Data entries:
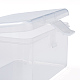 プラスチックビーズ収納ケース  収納ボックス  長方形  透明  11.9x8.6x6.6cm CON-E017-13-6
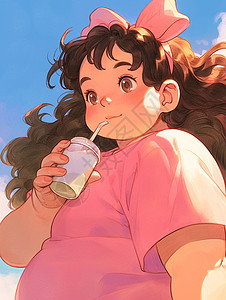 蝴蝶结穿着粉色T恤手拿奶茶戴着粉色的蝴蝶的胖女孩插画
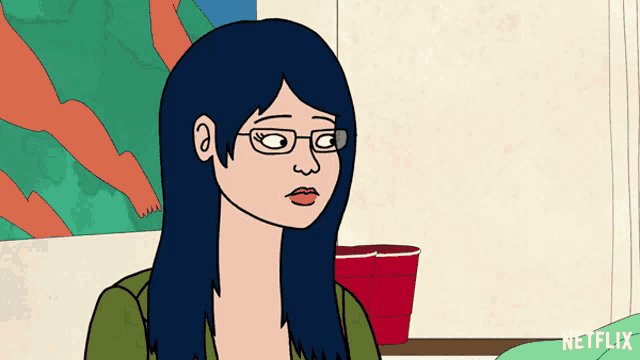 a cartoon of a woman with glasses and the word netflix on the bottom right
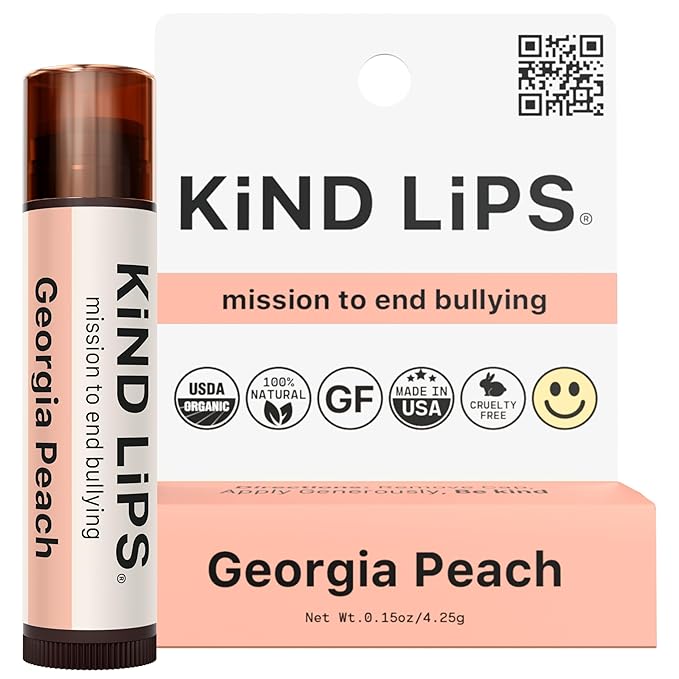 Kind Lips Georgia Peach Lip Balm Single Tube | Organic Lip Balm for Dry Lips | Natural Moisturizing Lip Care | Gluten Free | Made in USA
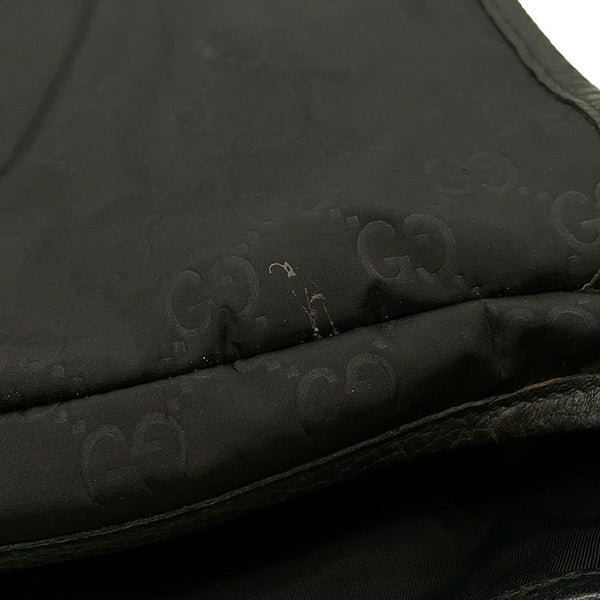 グッチ ショルダーバッグ GGナイロン/レザー メッセンジャーバッグ 510335 GUCCI バッグ 黒 アウトレット品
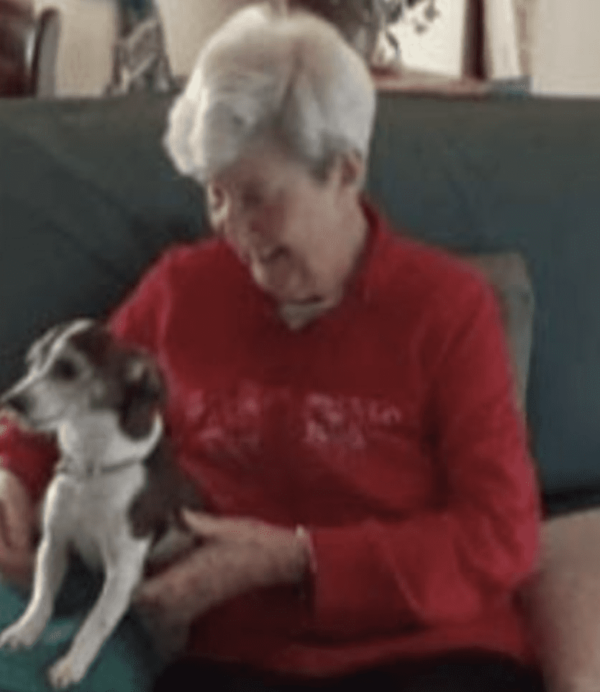 Elderly Woman with Dog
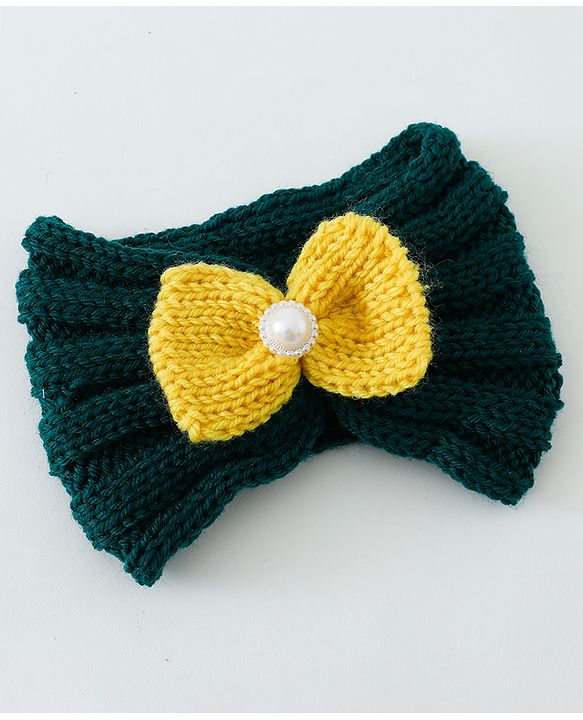 Babyhug Crochet Bow With Pearl Headbands - Blue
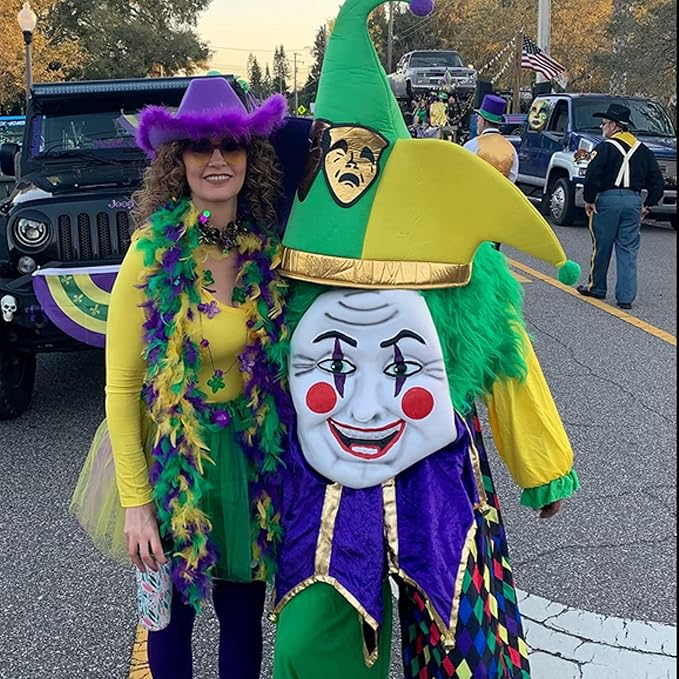 4E's Novelty purple cowboy hat with feathers & heart sunglasses – a cute cowgirl hat for parties & more!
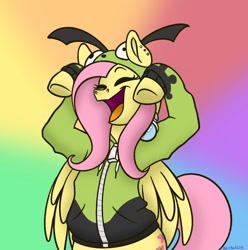 Size: 1834x1848 | Tagged: safe, artist:bella-pink-savage, fluttershy, pegasus, pony, antonymph, cutiemarks (and the things that bind us), vylet pony, g4, bipedal, clothes, costume, eyes closed, female, fluttgirshy, gir, hoodie, invader zim, majestic as fuck, open mouth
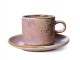 Rustikálně růžový porcelánový šálek s podšálkem Chef - Ø 8*6,5 cm / 220 ml HKLIVING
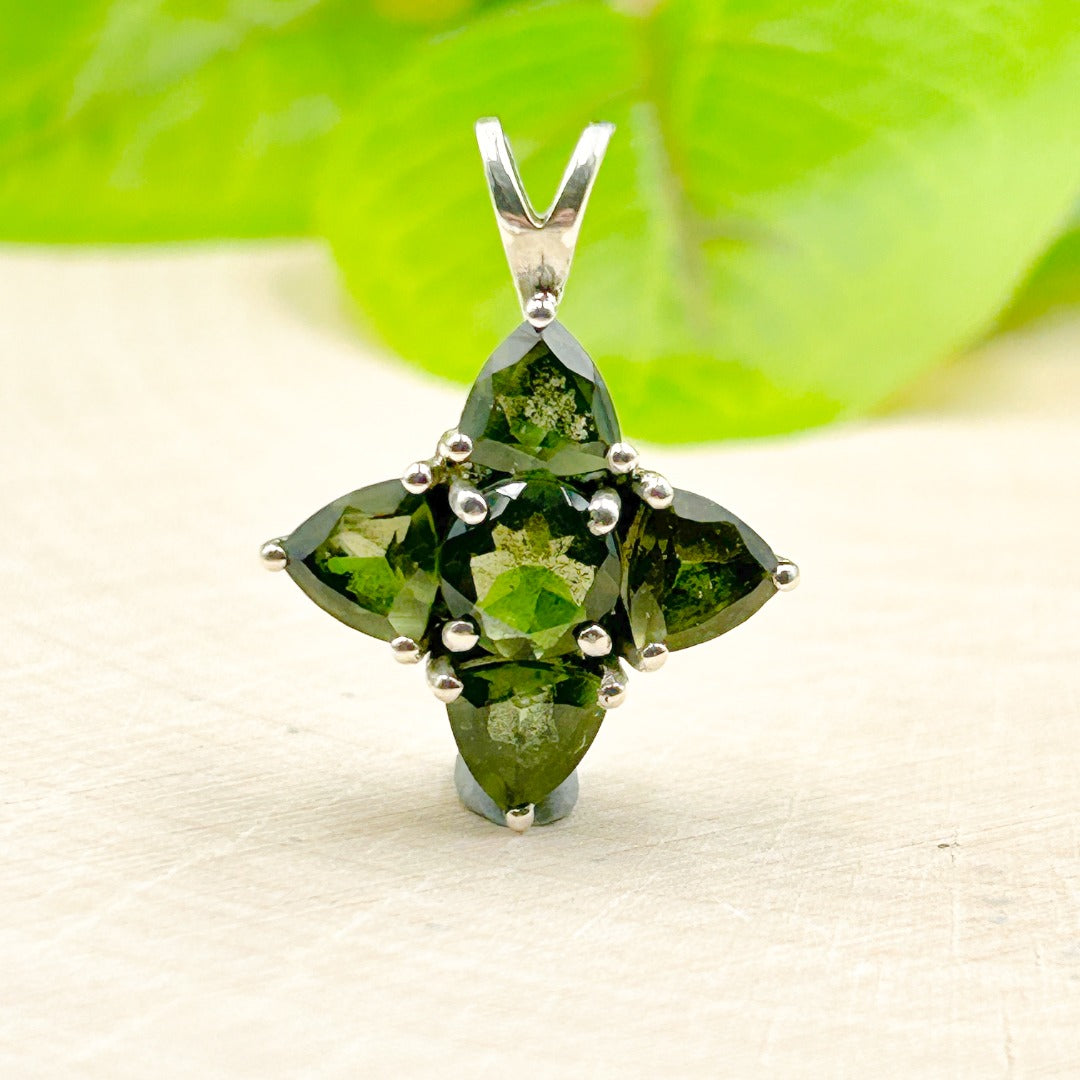 Moldavite Trillions Polished Sterling Silver Pendant ( T1 )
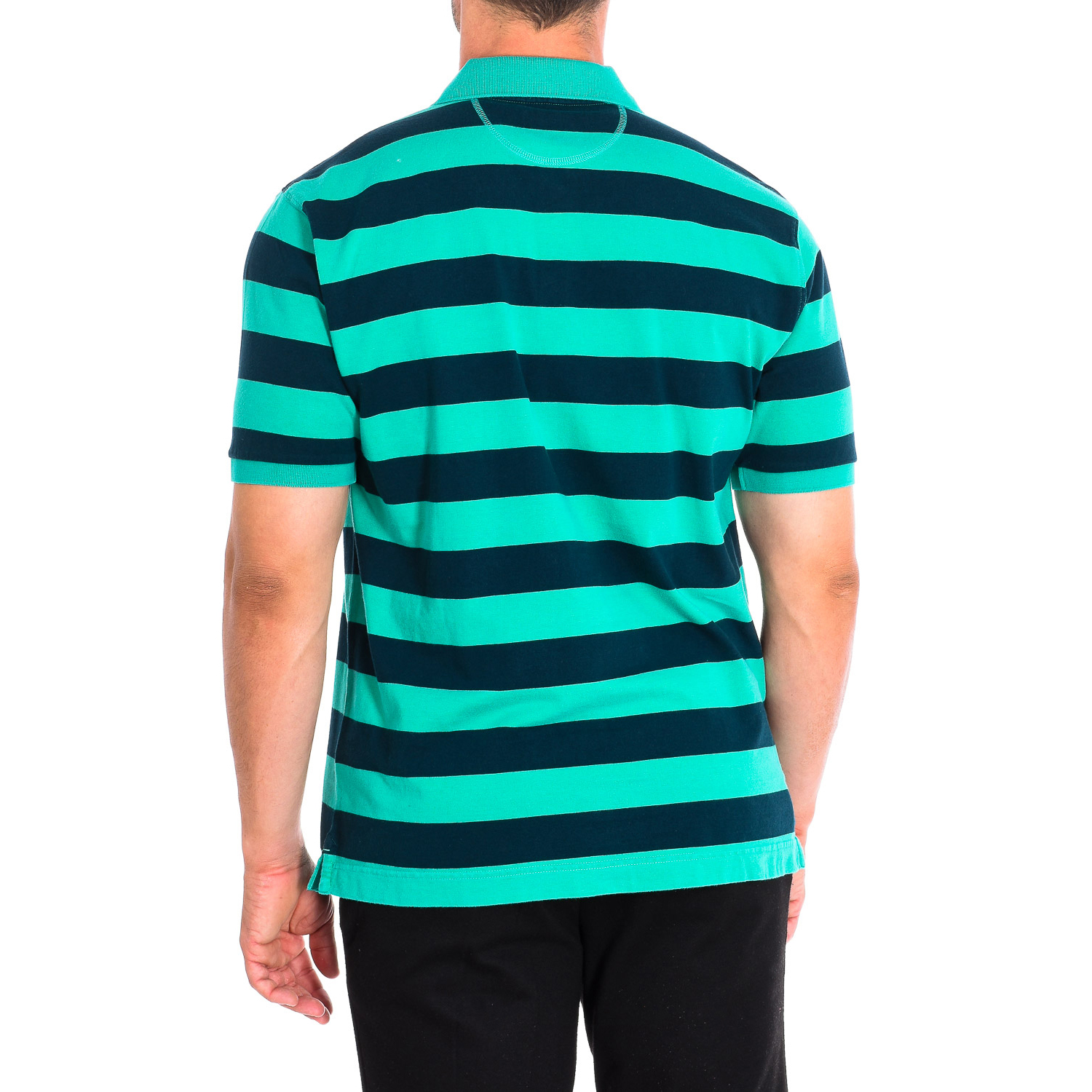 Pólo Homem com Riscas Verde e Azul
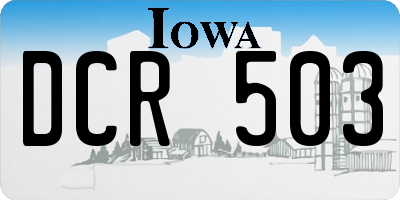 IA license plate DCR503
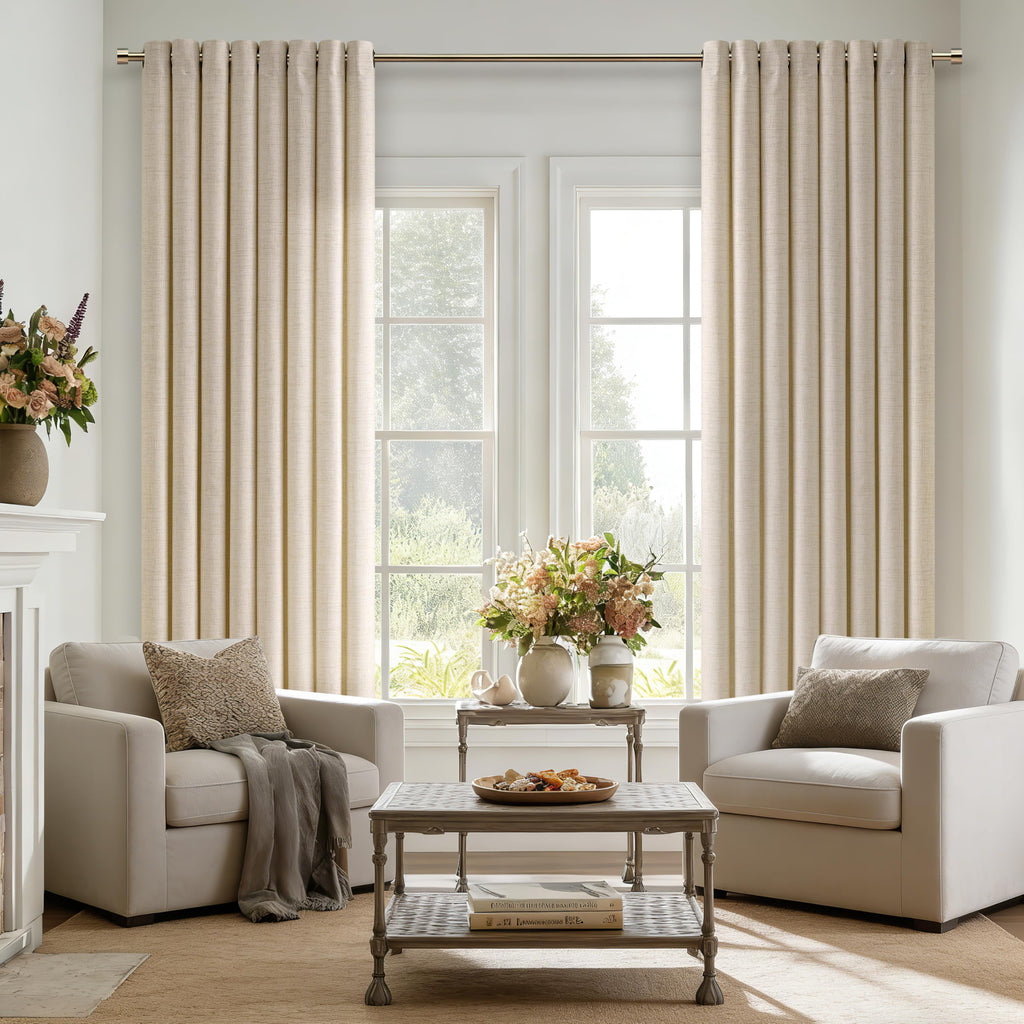 102 Inch Length Warm Beige Curtains Ecru Flax Burlap 2 Panels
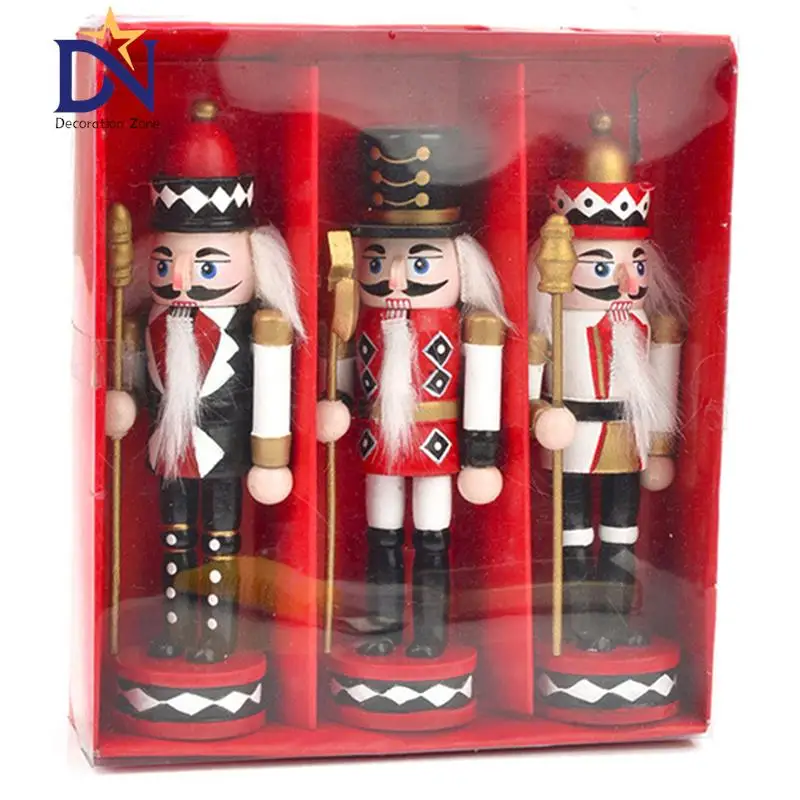 12/14cm Classic Cartoons Nutcracker Puppet Ornaments Desktop Decoration Walnuts Soldiers Band Dolls Nutcracker Miniatures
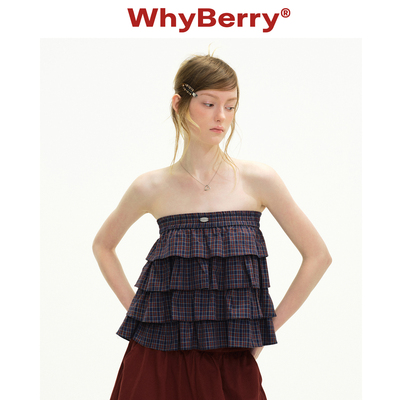 WhyBerry 26SS“复古锚点”复古格纹抹胸上衣荷叶边半裙两穿设计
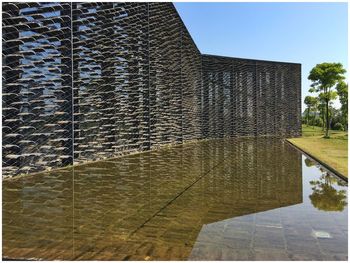 Reflection of building in water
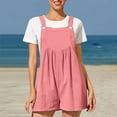 thumbnail image 3 of Ahabrexf Short for Women Casual Summer, Solid Color Shoulder Button Suspender Jumpsuit with Pockets, 3 of 4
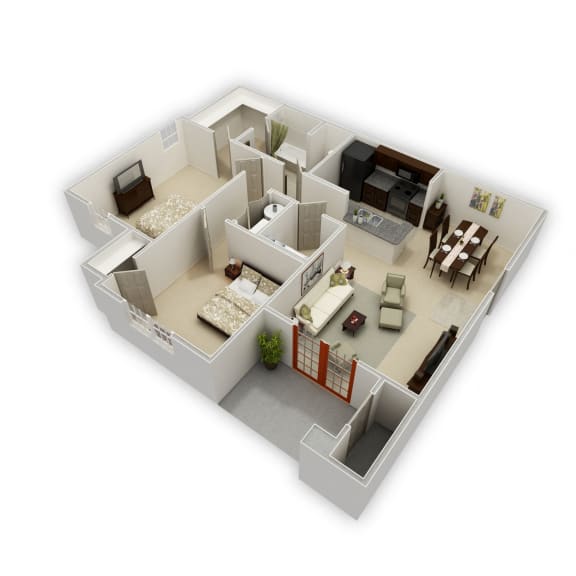 928 sq.ft. Two Bed One Bath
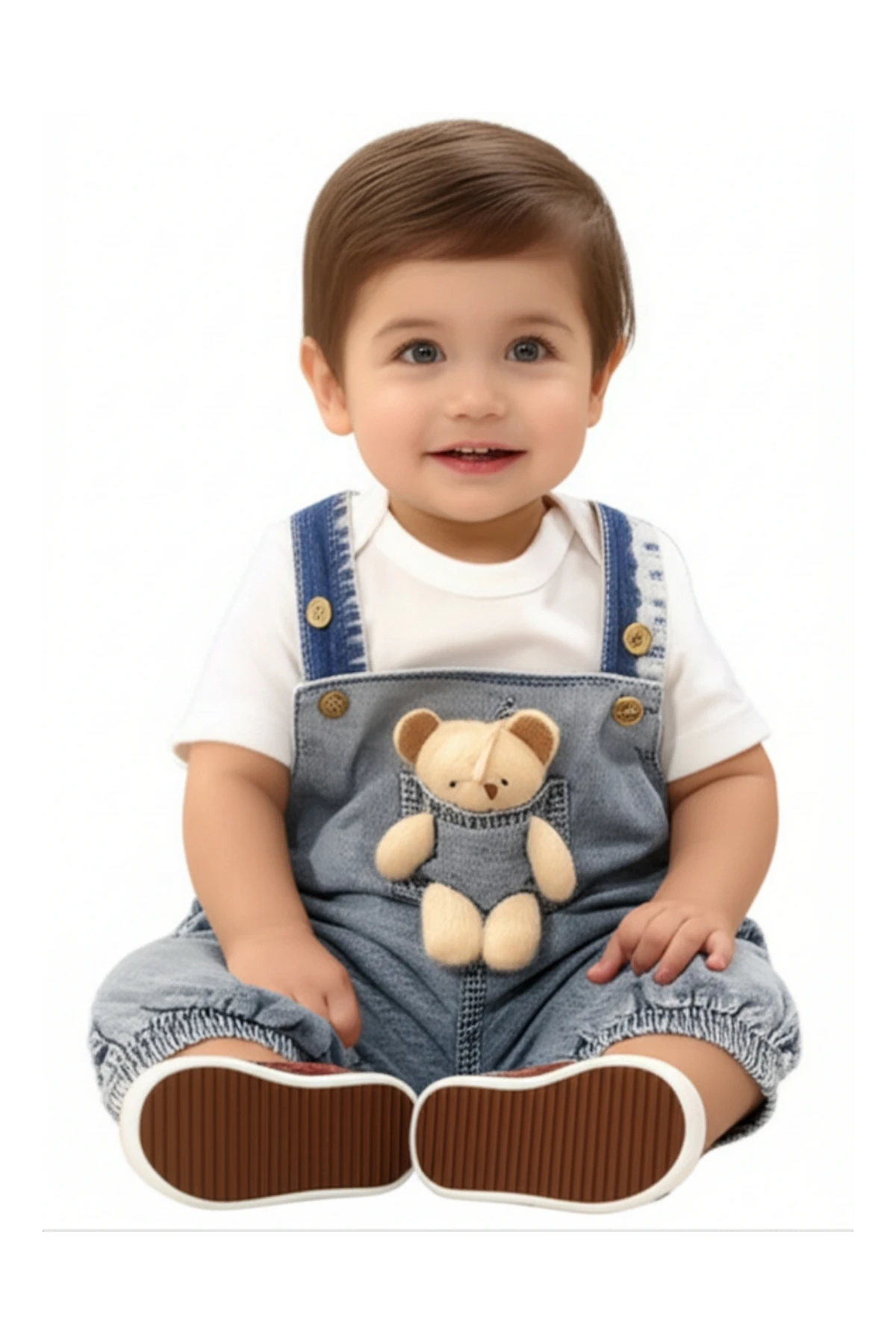 Askılı Cepli Bebek Tulum Seti – Pamuklu Beyaz Tişört ve Peluş Ayıcık Detaylı Şort Tulum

### Activity
The expected output is an exact copy of the lines from the top of the data above through the line containing "4E's Novelty purple", both included, with every picture omitted.

### Completed exercise
 プラスチックビーズ収納ケース  収納ボックス  長方形  透明  11.9x8.6x6.6cm CON-E017-13-6
 蝴蝶结穿着粉色T恤手拿奶茶戴着粉色的蝴蝶的胖女孩插画
 a cartoon of a woman with glasses and the word netflix on the bottom right
 Kind Lips Georgia Peach Lip Balm Single Tube | Organic Lip Balm for Dry Lips | Natural Moisturizing Lip Care | Gluten Free | Made in USA
 グッチ ショルダーバッグ GGナイロン/レザー メッセンジャーバッグ 510335 GUCCI バッグ 黒 アウトレット品
 Elderly Woman with Dog
 Babyhug Crochet Bow With Pearl Headbands - Blue
 4E's Novelty purple cowboy hat with feathers & heart sunglasses – a cute cowgirl hat for parties & more!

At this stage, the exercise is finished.